## What you need to do
Write the entries out exactly. Any images they hold stay out of the copy.

## Supplied information
• • • • •
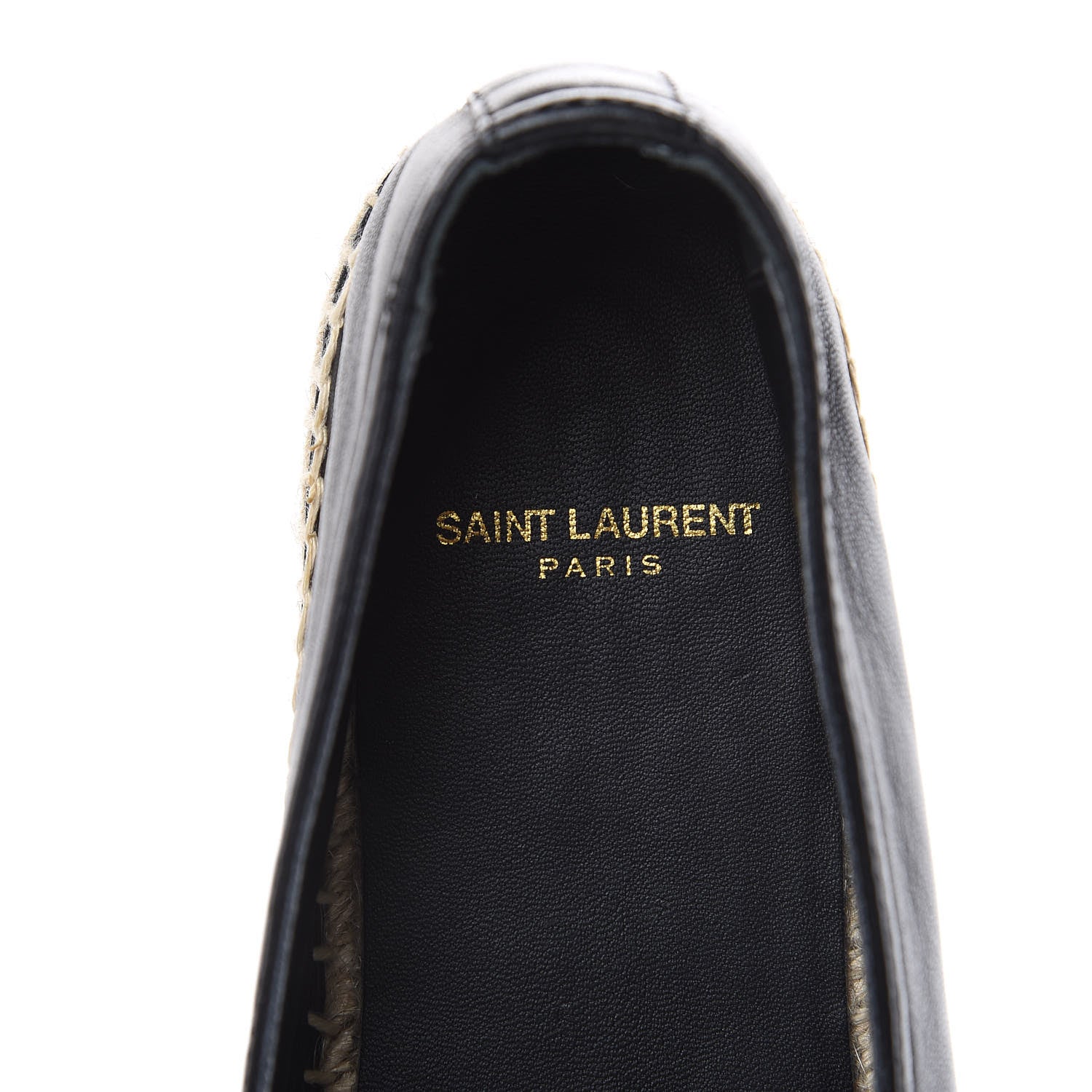 Saint Laurent Lambskin Monogram Espadrilles 37.5 Black 8 of 10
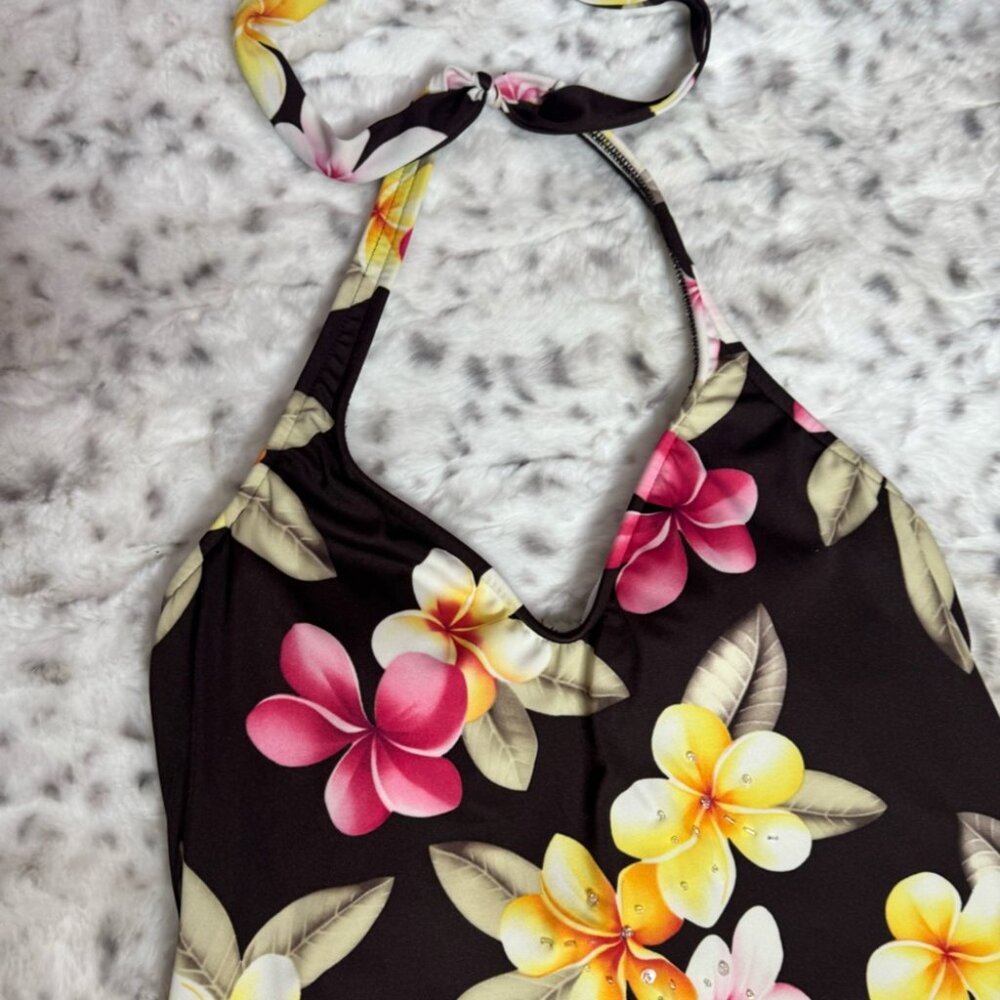 Leiloni tank top Hawaii flowers plumeria embroidered beads tankini shirt beach - Picture 3 of 8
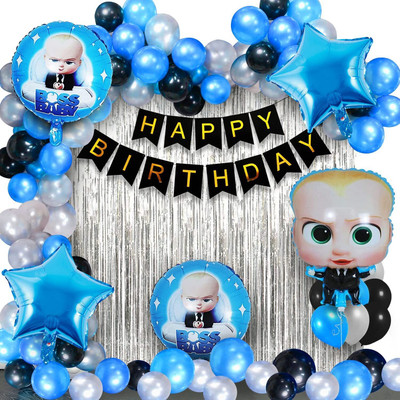 BEST WISHES Boss Baby Birthday Decoration Items Kit - Theme Birthday Decorations for Boys(Set of 55)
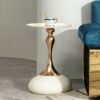 Modern Small Round Side Table For Small Spaces Carbon Steel Cocktail Table - Milk White - Image 4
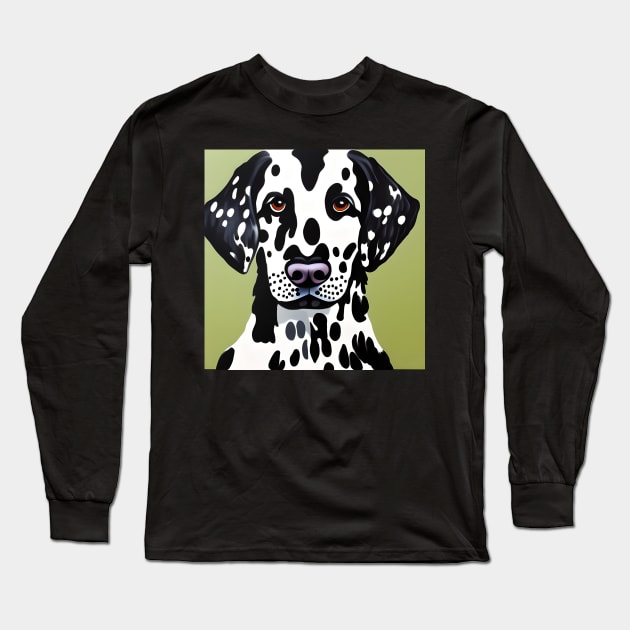 Dalmatian Dog Painting Long Sleeve T-Shirt by KayBee Gift Shop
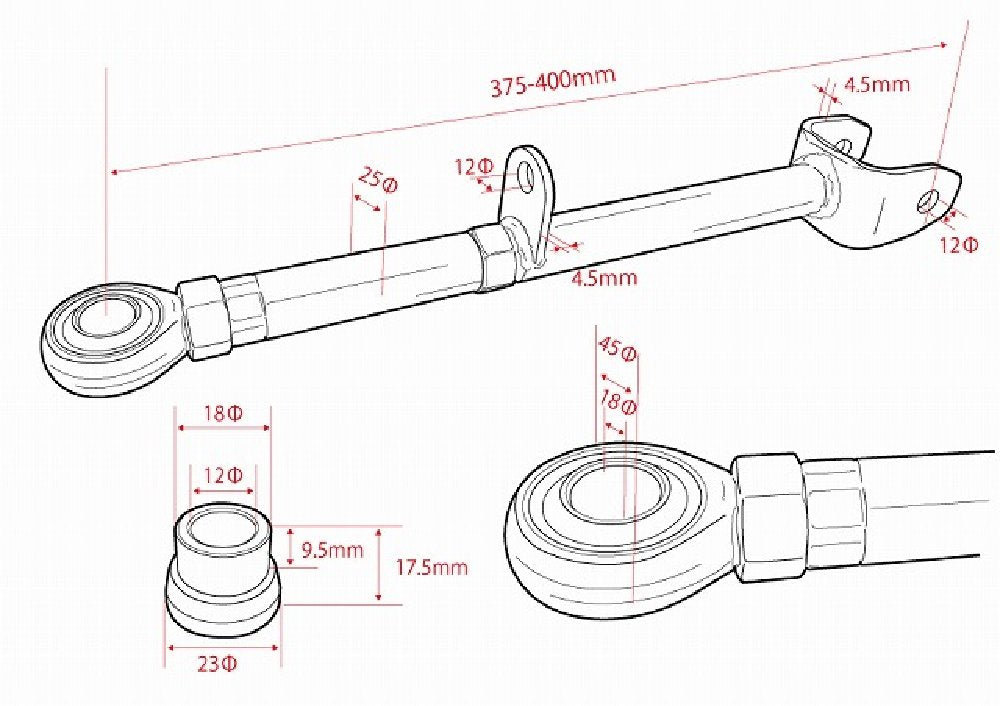 D-Max Toyota Mark 2 / Chaser / Cresta (JZX90 / JZX100) D1 Spec Pillow Ball Rear Lower Arms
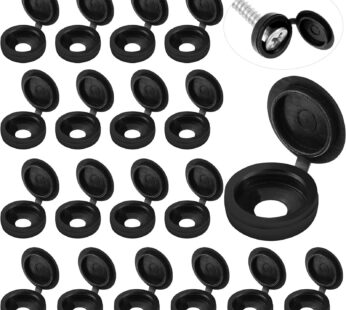 Hotop 100 Pieces Hinged Screw Cover Caps Plastic Shutter Screw Caps Fold Screw Snap Covers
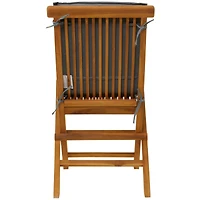 36" Brown Teak Wood Folding Outdoor Dining Chair With Cushions Set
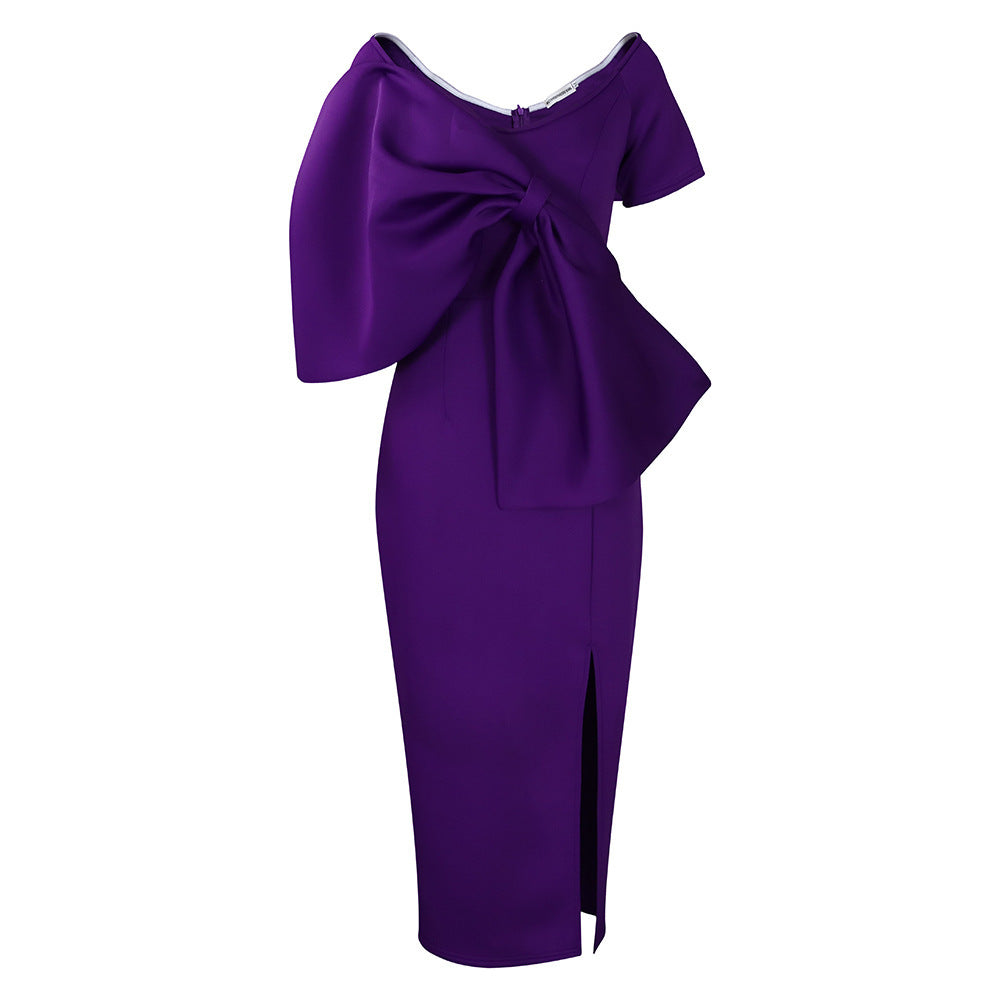 Sexy Big Bow Split Sheath Dress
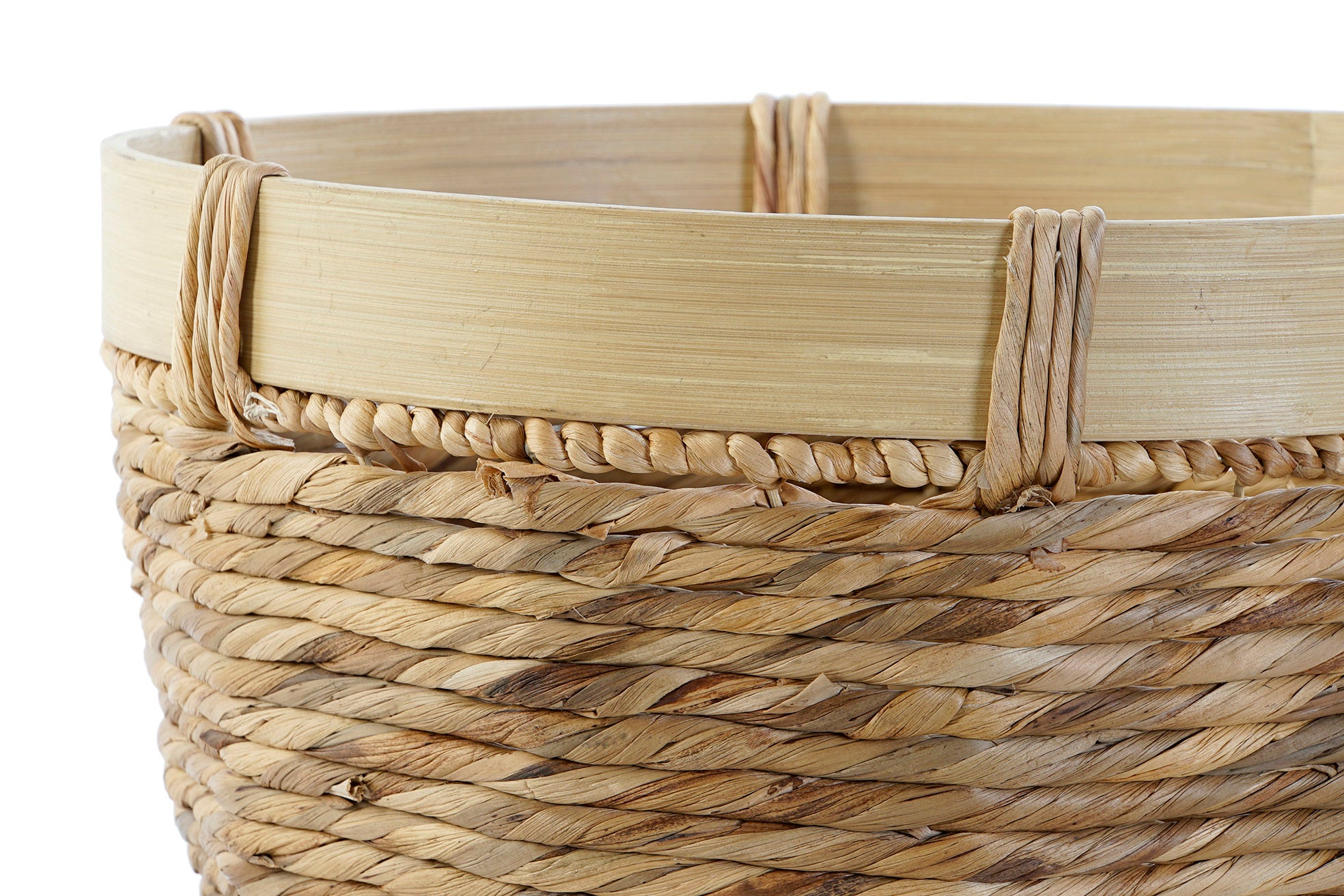 Basket Set 3 Bamboo Reed 40X40X23 Natural Brown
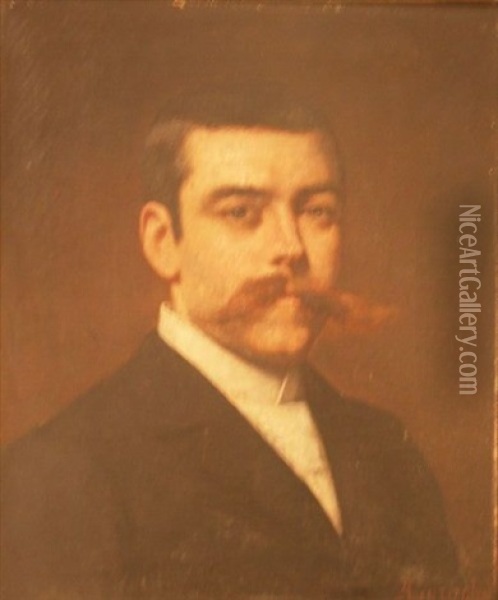 Portrait D'homme Aux Moustaches Oil Painting - Armand Laroche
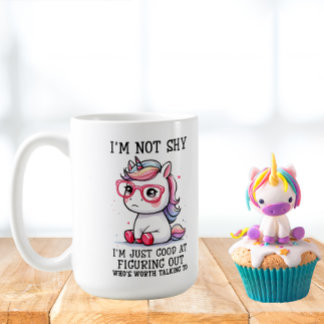 Cute Nerdy Unicorn Mug : timide et adorable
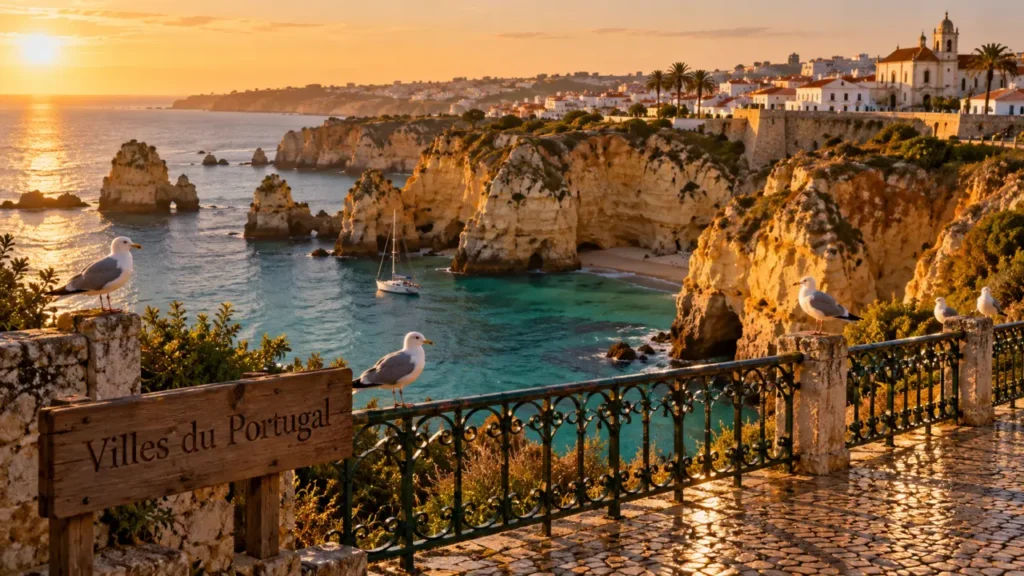 Villes Portugal : Lagos au golden hour, falaises et criques turquoise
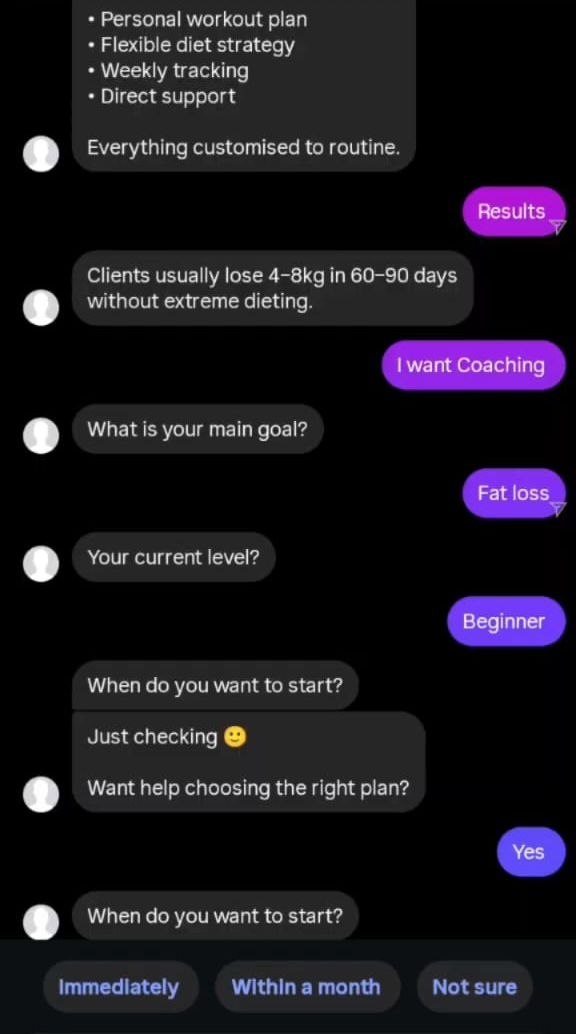 Instagram conversation showing the Starter plan's structured question flow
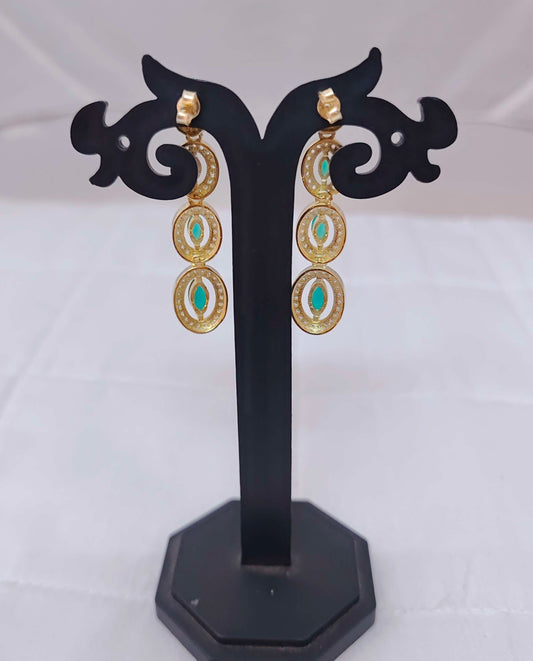 Silver CZ-gold polish Earrings design -RCP042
• • • • •
## Task answer
 Saint Laurent Lambskin Monogram Espadrilles 37.5 Black 8 of 10
 Leiloni tank top Hawaii flowers plumeria embroidered beads tankini shirt beach - Picture 3 of 8
 BEST WISHES Boss Baby Birthday Decoration Items Kit - Theme Birthday Decorations for Boys(Set of 55)
 Modern Small Round Side Table For Small Spaces Carbon Steel Cocktail Table - Milk White - Image 4
 Dalmatian Dog Painting Long Sleeve T-Shirt by KayBee Gift Shop
 D-Max Toyota Mark 2 / Chaser / Cresta (JZX90 / JZX100) D1 Spec Pillow Ball Rear Lower Arms
 Hotop 100 Pieces Hinged Screw Cover Caps Plastic Shutter Screw Caps Fold Screw Snap Covers
 36" Brown Teak Wood Folding Outdoor Dining Chair With Cushions Set
 Sexy Big Bow Split Sheath Dress
 Basket Set 3 Bamboo Reed 40X40X23 Natural Brown
 Portrait D'homme Aux Moustaches Oil Painting - Armand Laroche
 Cute Nerdy Unicorn Mug : timide et adorable
 Villes Portugal : Lagos au golden hour, falaises et criques turquoise
 Instagram conversation showing the Starter plan's structured question flow
 Silver CZ-gold polish Earrings design -RCP042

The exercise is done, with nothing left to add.